**WHAT YOU NEED TO DO:** Keep only the lines that hold the string "Picture", filtering out the rest of the entries below.

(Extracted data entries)
_____
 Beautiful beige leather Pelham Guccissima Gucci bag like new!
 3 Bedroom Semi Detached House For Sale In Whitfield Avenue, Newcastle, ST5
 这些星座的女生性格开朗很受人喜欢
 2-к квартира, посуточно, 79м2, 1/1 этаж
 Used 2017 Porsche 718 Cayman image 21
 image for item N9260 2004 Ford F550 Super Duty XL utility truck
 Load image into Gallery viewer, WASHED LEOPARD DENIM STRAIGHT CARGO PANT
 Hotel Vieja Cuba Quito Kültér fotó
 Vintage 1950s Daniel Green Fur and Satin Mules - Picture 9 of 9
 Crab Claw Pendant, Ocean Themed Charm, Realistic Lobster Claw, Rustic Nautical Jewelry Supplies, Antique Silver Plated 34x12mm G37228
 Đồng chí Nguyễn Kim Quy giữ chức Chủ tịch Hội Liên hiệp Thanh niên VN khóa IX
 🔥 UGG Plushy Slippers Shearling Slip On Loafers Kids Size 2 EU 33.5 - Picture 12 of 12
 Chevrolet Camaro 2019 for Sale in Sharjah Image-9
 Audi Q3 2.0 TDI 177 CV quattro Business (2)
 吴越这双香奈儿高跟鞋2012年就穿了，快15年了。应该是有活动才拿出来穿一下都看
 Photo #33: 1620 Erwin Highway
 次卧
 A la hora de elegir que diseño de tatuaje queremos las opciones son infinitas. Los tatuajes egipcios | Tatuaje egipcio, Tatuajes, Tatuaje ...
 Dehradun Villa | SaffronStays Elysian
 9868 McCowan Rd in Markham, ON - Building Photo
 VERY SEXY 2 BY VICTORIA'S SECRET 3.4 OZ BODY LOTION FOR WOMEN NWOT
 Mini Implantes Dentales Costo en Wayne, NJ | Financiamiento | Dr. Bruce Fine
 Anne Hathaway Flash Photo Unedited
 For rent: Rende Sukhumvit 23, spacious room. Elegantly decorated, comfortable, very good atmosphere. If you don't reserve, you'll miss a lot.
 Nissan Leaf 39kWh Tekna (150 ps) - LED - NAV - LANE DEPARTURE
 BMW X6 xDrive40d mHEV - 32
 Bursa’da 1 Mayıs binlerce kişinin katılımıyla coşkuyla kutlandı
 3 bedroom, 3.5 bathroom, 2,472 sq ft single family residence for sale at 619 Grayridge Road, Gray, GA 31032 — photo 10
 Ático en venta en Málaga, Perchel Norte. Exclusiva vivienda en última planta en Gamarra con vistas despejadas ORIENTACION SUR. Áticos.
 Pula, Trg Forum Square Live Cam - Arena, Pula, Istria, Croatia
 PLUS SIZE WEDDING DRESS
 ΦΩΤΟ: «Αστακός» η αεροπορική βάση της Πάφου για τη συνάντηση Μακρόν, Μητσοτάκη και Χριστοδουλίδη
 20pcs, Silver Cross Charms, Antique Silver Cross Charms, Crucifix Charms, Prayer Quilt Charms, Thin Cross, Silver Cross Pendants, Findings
_____
**TASK OUTPUT:**
 Vintage 1950s Daniel Green Fur and Satin Mules - Picture 9 of 9
 🔥 UGG Plushy Slippers Shearling Slip On Loafers Kids Size 2 EU 33.5 - Picture 12 of 12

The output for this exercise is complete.